Facts:
The case Softman Products Company LLC., versus Adobe Systems Incorporated presents numerous complex issues in regards to contract law. Softman, a reseller of computer software, has been selling Adobe products that Adobe believes should be distributed as part of a set if they are to be distributed at all. As a result of Softman’s actions, Adobe files a counterclaim because they believe that Softman has infringed on its trademark. Adobe feels that it reputation is at stake because they believe that the products that Softman has been selling have been altered and consumers may have a difficult time receiving the proper technical support if they experienced problems with the software, which could cause consumers not to trust the Adobe name. Softman Products Company believes that they have committed no wrong doing since they do not have a contract with Adobe Systems Incorporated. There are various questions that the court must answer in regards to this case. First of all, what right(s) does Adobe have as owner of the intellectual property? What does Adobe actually own? Does the First Sale Doctrine apply in regards to this case?
Issue:
Adobe contends that it products are not to be sold, but distributed through licensing agreements, and the end user obtains a license to use the products; however, the end user does not own any of the copyrighted information. The end users agreement allows for the sale or transfer of the software, provided that the person or entity transfers all of the products and surrender all of their rights to use the software (Palma Decl., Ex. 1.). Softman’s case relies on the First Sale Doctrine, which was first reviewed by the United States Supreme Court in 1908, and states, “the owner of a particular copy…lawfully made under this title… is entitled, without the authority of the copyright owner, to sell or otherwise dispose of the possession of that copy.” (Bobbs-Merrill Co. v. Straus, 210 U.S. 339, 28 S. Ct. 722, 52 L.Ed. 1086 (1908). Softman legally purchased the software, and because of the company’s intent to resale the merchandise, they technically were not the end users of the product, so should they be subject to the end users agreement?
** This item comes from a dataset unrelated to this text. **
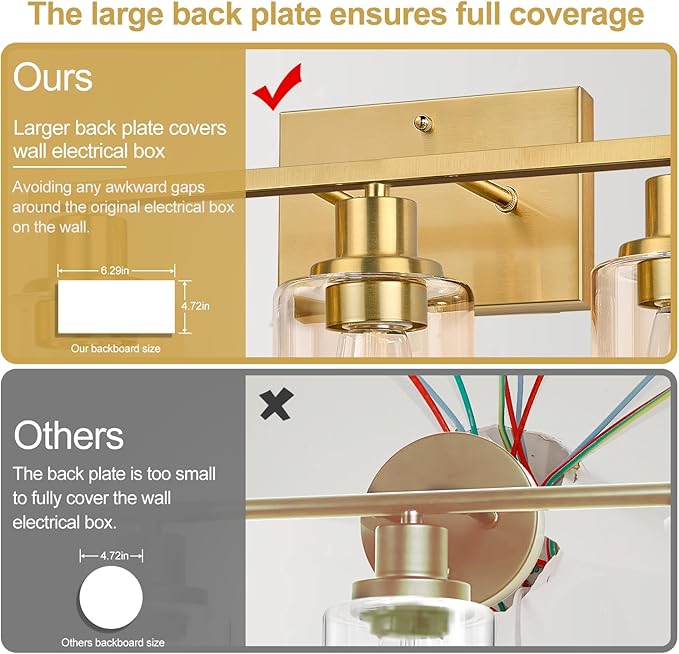 Indoi 3-Light Vanity Lights - Image 5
Rule of Law and Application:
There are two precedents that Adobe relies on to support their case. The first is Microsoft Corp. v. Harmony Computers and Electronics, Inc., 846 F. Supp. 208, 212 (E.D.N.Y. 1994), and this is a case where the court upholds Microsoft’s claim that Harmony was in violation of a licensing agreement by selling counterfeit products. While Adobe acknowledges that Softman was not selling counterfeit products, they were altering the original collection and selling the products in a manner that Adobe never intended its products to be sold. If a publishing company sold half of a novel or excerpts from a novel without the consent from the author then that would be grounds for copyright infringement. In the above mentioned case, Harmony Computers and Electronics, Incorporated was never a Microsoft licensee and therefore they were never authorized to sell Microsoft products.
Secondly, in the case of Adobe Systems Incorporated verses One Stop Micro Incorporated, which was another case in which Adobe’s products were being altered and the resold, the court stated that, “while One Stop is not a signatory to an Adobe licensing agreement, it is nevertheless subject to the restrictions of those agreements” (Adobe Sys. Inc. v. One Stop Micro, Inc., 84 F. Supp. 2d 1086, 1093 (N.D. Cal. 2000). Softman was not a signatory to an Adobe licensing agreement either, but still should have been subject to the terms and conditions that were set forth by Adobe. Lastly, the court upheld that One Stop could not use the First Sale Doctrine as a defense because the end user was not the actual owner of the product, they only bought a license to use the product.
Conclusion:
In Conclusion, Adobe Systems Incorporated must be allowed to have some control over the way their copyrighted products are distributed. While Softman was not altering the physical software or willingly peeling off stickers to deceive the public like Harmony Computers and Electronics and One Stop Micro were doing, Softman was still guilty of unbundling products that were meant to be distributed together as a bundle, and they should have been held accountable to the restrictions of the licensing agreement, just as One Stop Micro Incorporated was held accountable for their actions. Secondly, the consumers that purchased software from Softman received only a license to use the software, therefore the First Sale Doctrine defense should be null and void just as it was in the One Stop Computers Case.